Vodafone, which sold its stake in U.S. operator Verizon Wireless in order to be able to finance the Kabel Deutschland transaction without taking on any new debt, has secured more than 75% of the minimum shareholder approval needed to see the deal, which is set for a first review by the European Commission on September 20. And although some investors felt the deal was on the rich side for the company, others including Stephen Peak, head of global equities at Henderson Global Investors in London, and manager of its European absolute-return equity strategy, are viewing it as a strategic step forward for Vodafone, one that makes sense for its business going forward with respect to market penetration and business synergies.
Furthermore, many companies in Europe, despite the overall macroeconomic environment and recession, are actually cash-rich and ready to make acquisitions in their respective sectors, Peak said.
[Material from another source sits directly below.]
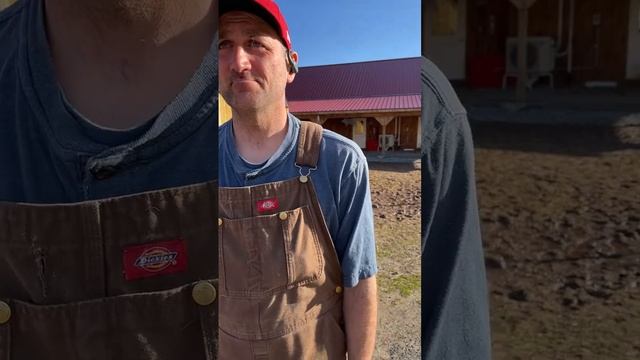 Arthurs Acres Animal Sanctuary Is Live! 8/23/24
Most large European corporates, Vodafone included, have strong balance sheets, he said, so “I say ‘watch this space,’ as it isn’t the first deal of this kind we’re going to see.”
Vodafone is primarily a mobile wireless operator and most of its main competitors in Europe are ex-state owned telecoms companies with both fixed and mobile networks, said Damien Chew, senior director, corporates, at Fitch Ratings in London. The company’s mobile businesses are usually ranked either first or second in each of the European countries it operates in, yet Vodafone doesn’t have a very strong fixed line presence, which is one of the main motivations for the Kabel Deutschland acquisition.
“The European telecoms markets are moving toward integrated fixed and mobile services, and if Vodafone cannot offer these bundled offerings, it may risk falling behind,” Chew said.
In its 2012 Annual Report, Vodafone clearly stated its goal of becoming the provider of choice for customers wanting to use data Internet services on their mobile phones. The company’s fastest growing business segment is data, Vodafone said, up by 22.2% for 2012 compared to a 4.4% rise for messaging revenue and a 4% fall for voice revenue.
“This demand is being driven by three key factors: a widening range of powerful and attractive smartphones and tablets; significant improvements in mobile network quality and capability; and an increased choice of user friendly and useful applications for business and social use,” according to Vodafone.